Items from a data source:
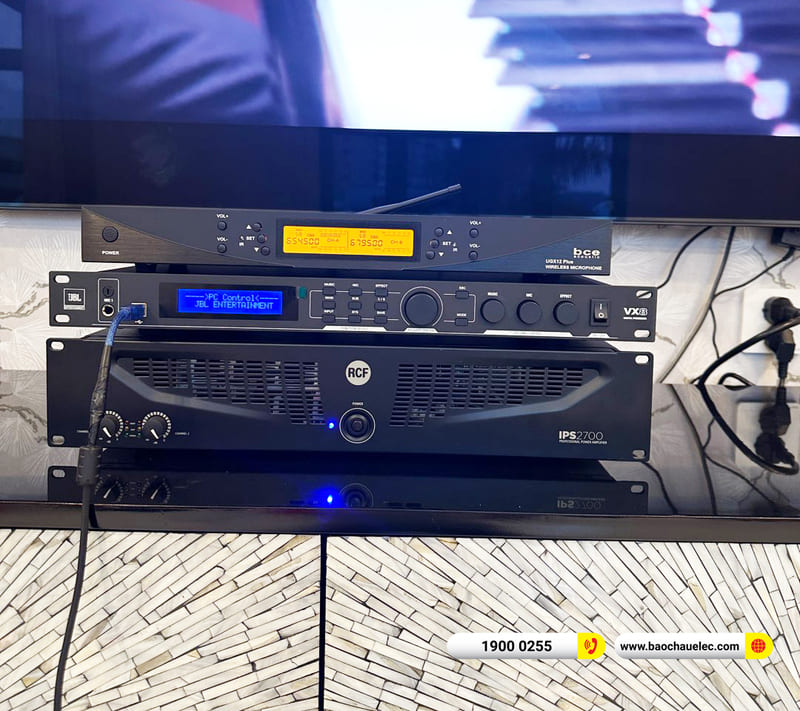 Lắp đặt dàn karaoke RCF gần 78tr cho anh Hiệp ở TPHCM (RCF EMAX 3110 MKII, IPS 2700, JBL VX8, UGX12 plus, Alto TS12S)
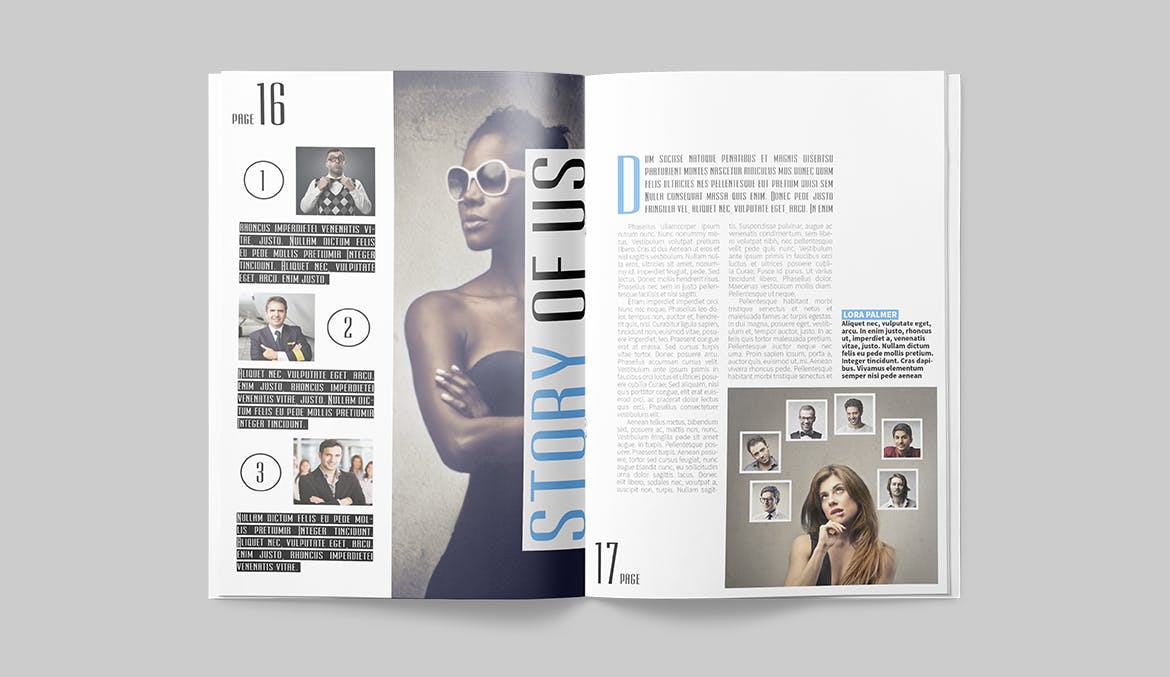 生活方式主题16设计网精选杂志版式设计模板 Magazine Template插图(8)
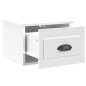 vidaXL Mesitas de noche de pared 2 uds blanco brillante 41,5x36x28 cm vidaXL Mesitas de noche de pared 2 uds blanco brillante 41,5x36x28 cm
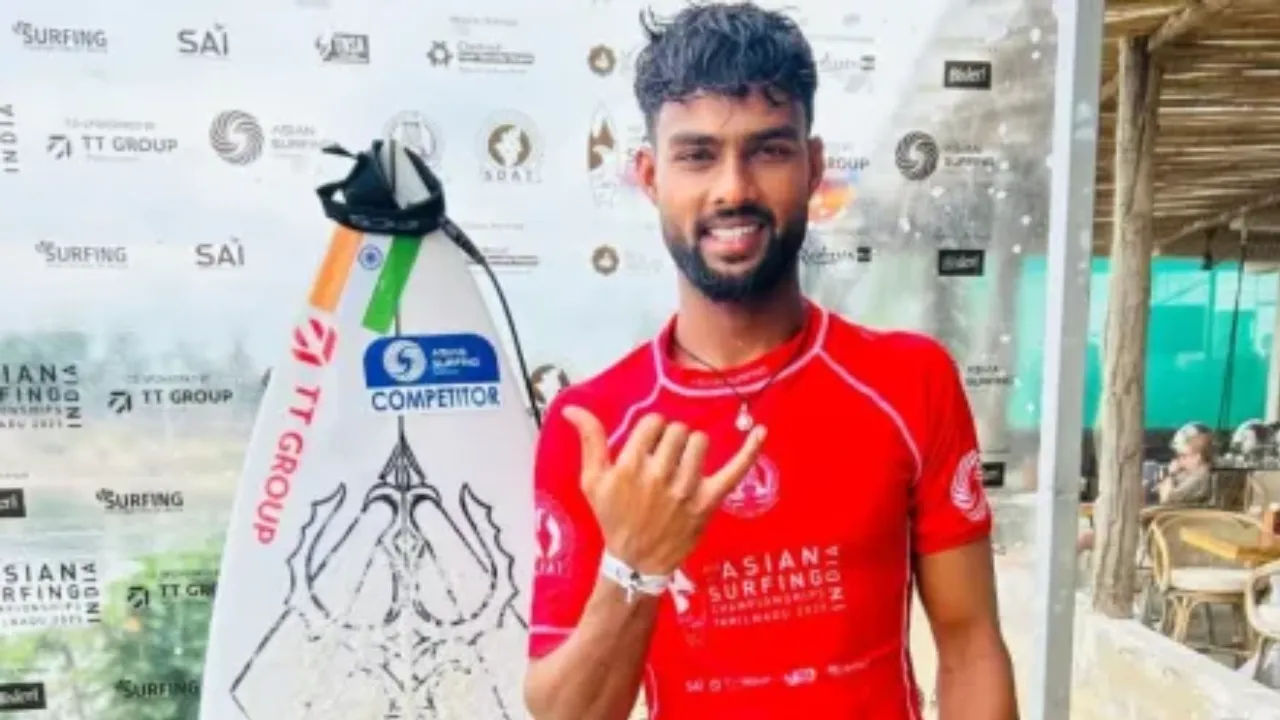 भारत के रमेश बुधियाल ने रचा इतिहास, एशियाई सर्फिंग चैंपियनशिप में जीता कांस्य पदक
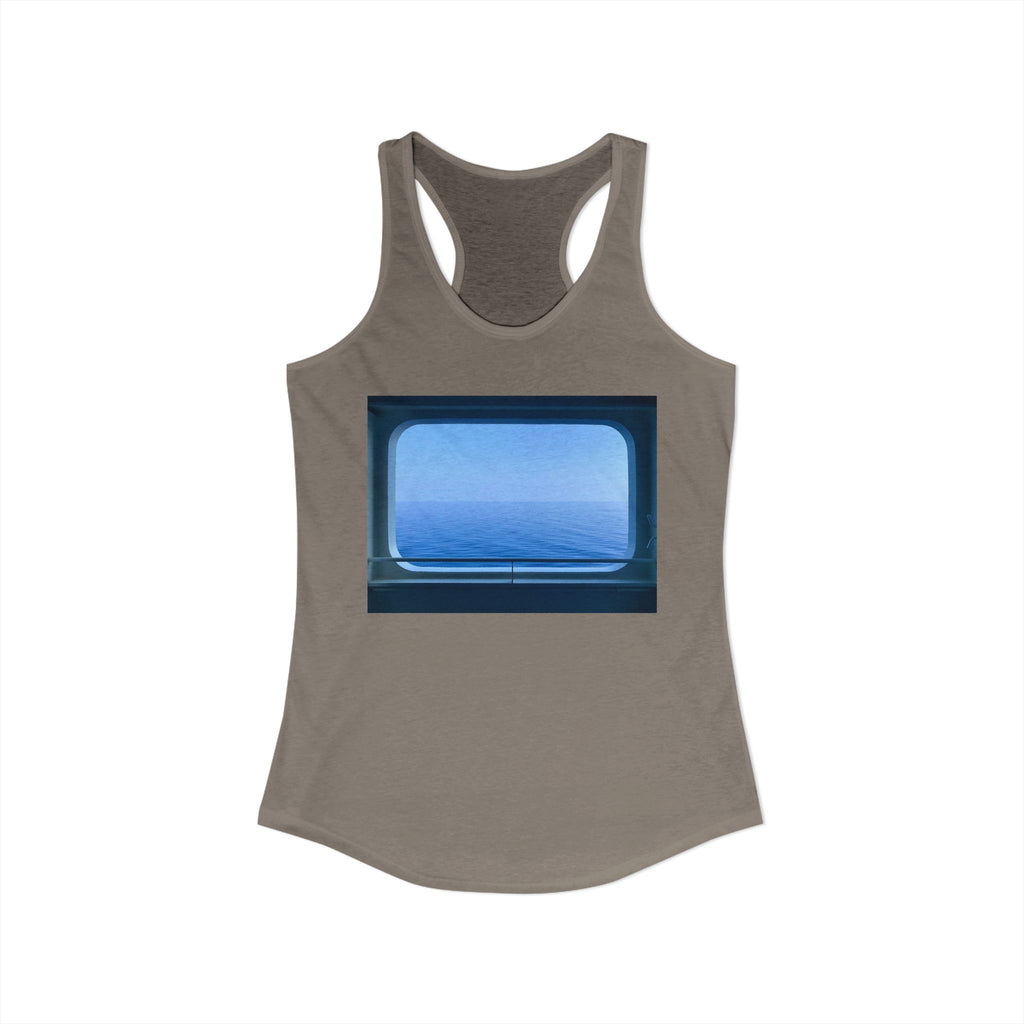 Women's Ideal Racerback Tank - Summer Ocean View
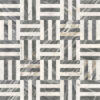 12*12 Waterjet marble,White Grey 2 color, natural marble, for floor and wall,polished marble tile, natural stone, genuine marble, real marble, 1 box each pattern 4 pcs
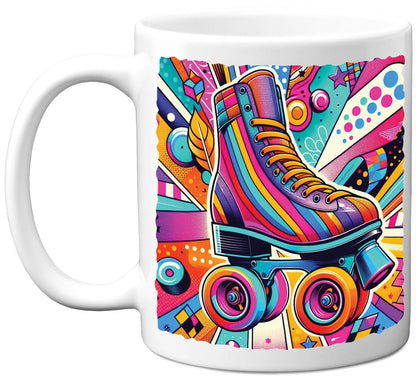 Pop Art Roller Skating Mug (06)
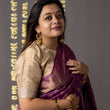 Load image into Gallery viewer, 'JAIGARH: PURPLE' Hand block printed Tussar silk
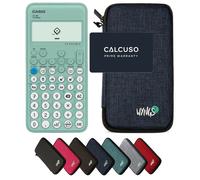 Calculatrice Scientifique Casio FX-92 Collège + Housse de Protection Bleue + Garantie 5 Ans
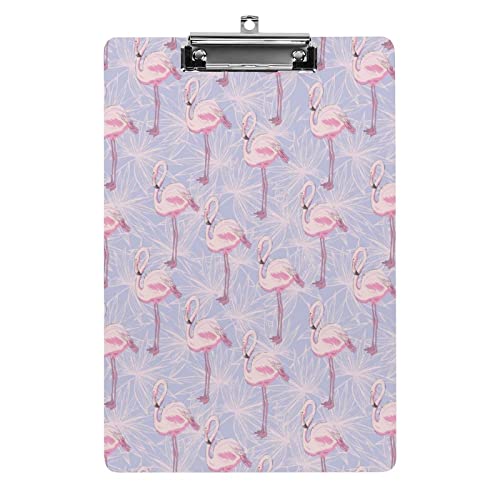 Klemmbrett im A4-Format mit hawaiianischer tropischer Flamingo-Blume, lustig, ästhetisch, zum Arbeiten, Lernen, Buchstaben, Standard-Klemmbrett, 31,8 x 21,6 cm, Hartfaserplatte für Schule, Klassenzi Klemmbrett im A4-Format mit hawaiianischer tropischer Flamingo-Blume, lustig, ästhetisch, zum Arbeiten, Lernen, Buchstaben, Standard-Klemmbrett, 31,8 x 21,6 cm, Hartfaserplatte für Schule, Klassenzi von Melbrakin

Prompt |
Repeat each entry precisely as it appears. Leave the pictures out.

Task result |
 Lắp đặt dàn karaoke RCF gần 78tr cho anh Hiệp ở TPHCM (RCF EMAX 3110 MKII, IPS 2700, JBL VX8, UGX12 plus, Alto TS12S)
 生活方式主题16设计网精选杂志版式设计模板 Magazine Template插图(8)
 vidaXL Mesitas de noche de pared 2 uds blanco brillante 41,5x36x28 cm vidaXL Mesitas de noche de pared 2 uds blanco brillante 41,5x36x28 cm
 भारत के रमेश बुधियाल ने रचा इतिहास, एशियाई सर्फिंग चैंपियनशिप में जीता कांस्य पदक
 Women's Ideal Racerback Tank - Summer Ocean View
 12*12 Waterjet marble,White Grey 2 color, natural marble, for floor and wall,polished marble tile, natural stone, genuine marble, real marble, 1 box each pattern 4 pcs
 Pop Art Roller Skating Mug (06)
 Load image into Gallery viewer, 'JAIGARH: PURPLE' Hand block printed Tussar silk
 Calculatrice Scientifique Casio FX-92 Collège + Housse de Protection Bleue + Garantie 5 Ans
 Klemmbrett im A4-Format mit hawaiianischer tropischer Flamingo-Blume, lustig, ästhetisch, zum Arbeiten, Lernen, Buchstaben, Standard-Klemmbrett, 31,8 x 21,6 cm, Hartfaserplatte für Schule, Klassenzi Klemmbrett im A4-Format mit hawaiianischer tropischer Flamingo-Blume, lustig, ästhetisch, zum Arbeiten, Lernen, Buchstaben, Standard-Klemmbrett, 31,8 x 21,6 cm, Hartfaserplatte für Schule, Klassenzi von Melbrakin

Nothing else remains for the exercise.